## TASK DESCRIPTION:
Could you reproduce, word for word, everything below from the line containing "Banana-Fan-Sea-Resort-Room-25" down to the line containing "Classic Watch – IW-2566 - Image 4", with both of those lines included and no others?

*** Opening of RECORDS FOR THE EXERCISE ***

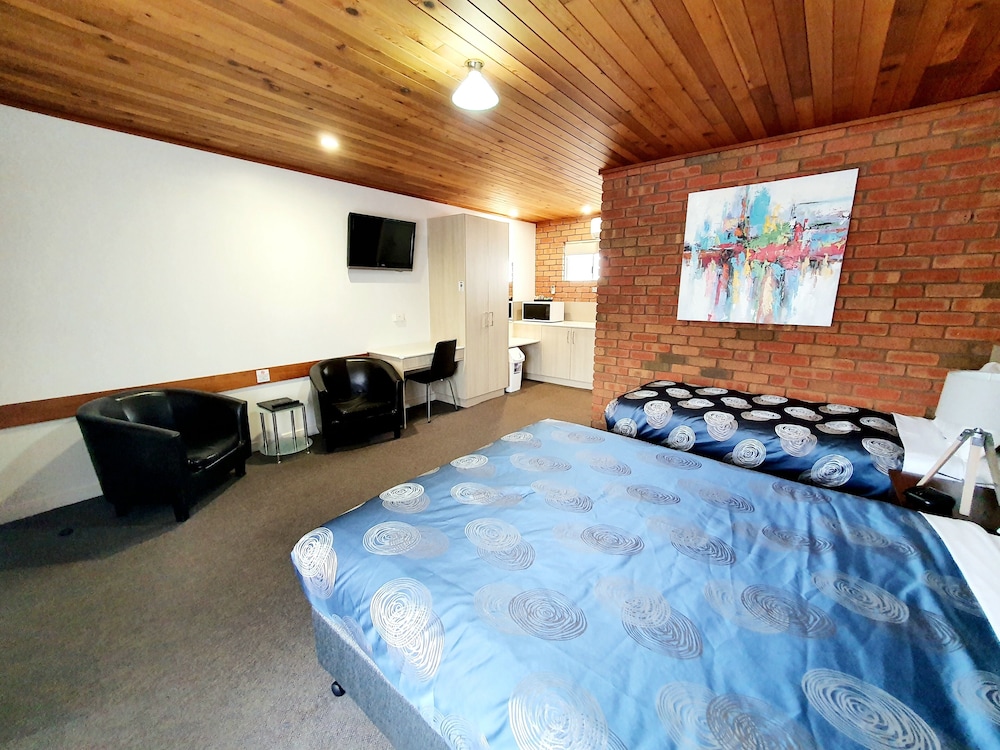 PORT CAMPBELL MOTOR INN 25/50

*** Close of RECORDS FOR THE EXERCISE ***
*** Opening of RECORDS FOR THE EXERCISE ***

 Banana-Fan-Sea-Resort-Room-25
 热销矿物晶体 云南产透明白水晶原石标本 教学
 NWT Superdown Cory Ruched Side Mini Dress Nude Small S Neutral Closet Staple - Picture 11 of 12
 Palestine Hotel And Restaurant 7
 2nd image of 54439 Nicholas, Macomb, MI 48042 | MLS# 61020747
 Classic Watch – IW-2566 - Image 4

*** Close of RECORDS FOR THE EXERCISE ***

## FINISHED EXERCISE:
 Banana-Fan-Sea-Resort-Room-25
 热销矿物晶体 云南产透明白水晶原石标本 教学
 NWT Superdown Cory Ruched Side Mini Dress Nude Small S Neutral Closet Staple - Picture 11 of 12
 Palestine Hotel And Restaurant 7
 2nd image of 54439 Nicholas, Macomb, MI 48042 | MLS# 61020747
 Classic Watch – IW-2566 - Image 4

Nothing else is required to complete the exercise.